* _Required work_
Everything from the line containing "Camping Ambience On" through the line containing "For Love and" should be repeated exactly, and nothing else from the data.

* _Material to process_

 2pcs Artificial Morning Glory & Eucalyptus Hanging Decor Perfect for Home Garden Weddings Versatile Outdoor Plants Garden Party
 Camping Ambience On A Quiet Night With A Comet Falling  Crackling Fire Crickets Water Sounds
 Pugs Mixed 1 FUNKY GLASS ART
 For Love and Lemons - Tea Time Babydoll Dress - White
---
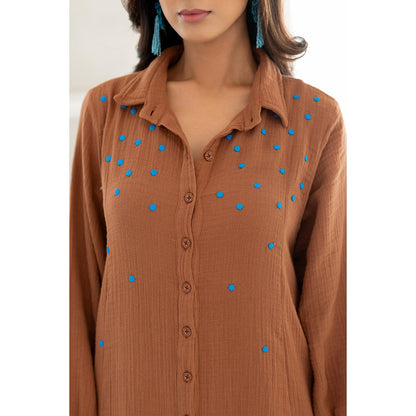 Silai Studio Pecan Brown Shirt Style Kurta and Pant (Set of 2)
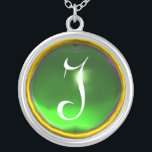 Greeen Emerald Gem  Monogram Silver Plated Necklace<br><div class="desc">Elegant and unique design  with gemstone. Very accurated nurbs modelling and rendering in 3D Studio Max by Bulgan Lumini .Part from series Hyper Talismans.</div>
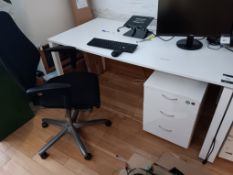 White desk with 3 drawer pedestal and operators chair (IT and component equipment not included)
==
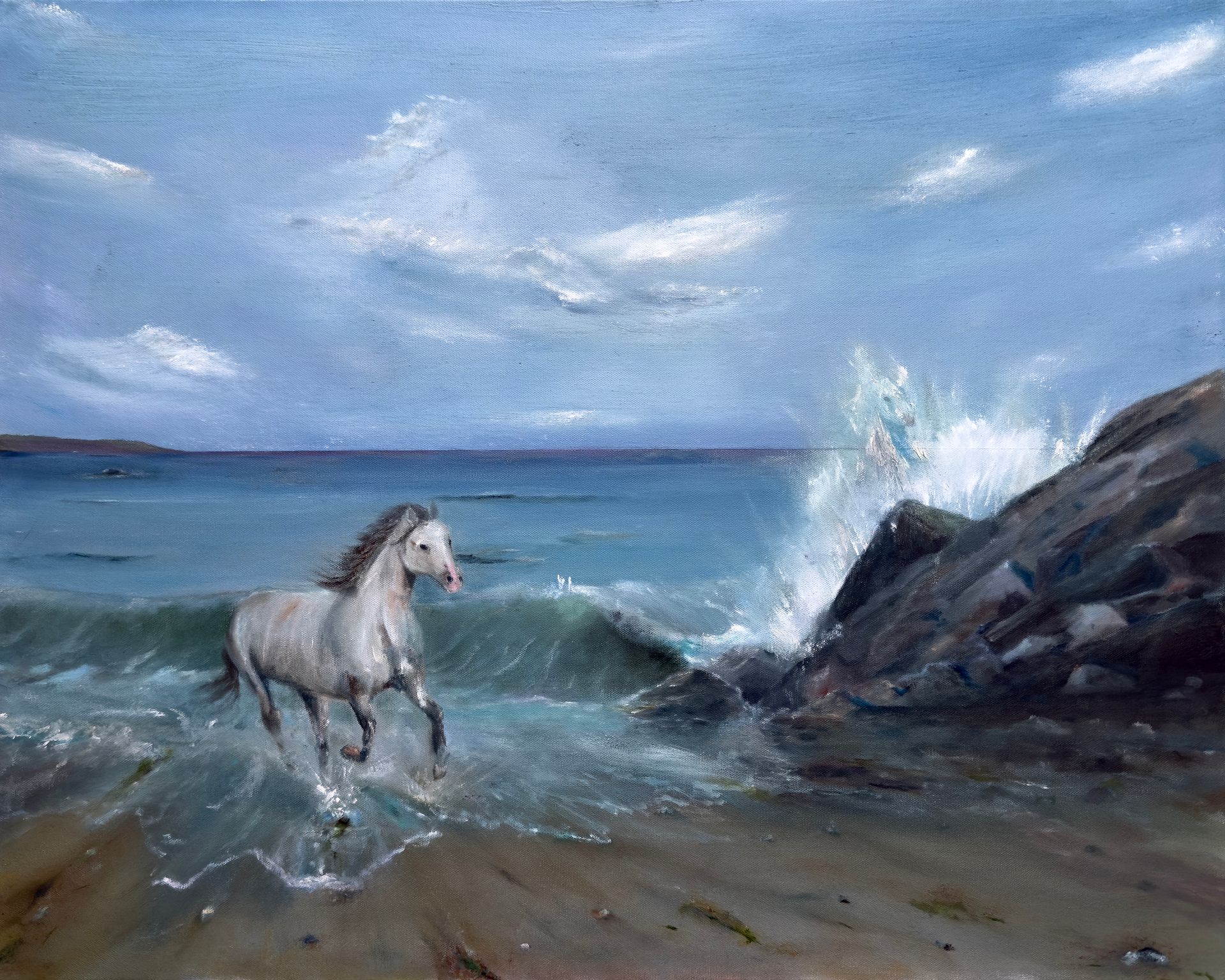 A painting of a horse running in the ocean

* _Your solution_
 Camping Ambience On A Quiet Night With A Comet Falling  Crackling Fire Crickets Water Sounds
 Pugs Mixed 1 FUNKY GLASS ART
 For Love and Lemons - Tea Time Babydoll Dress - White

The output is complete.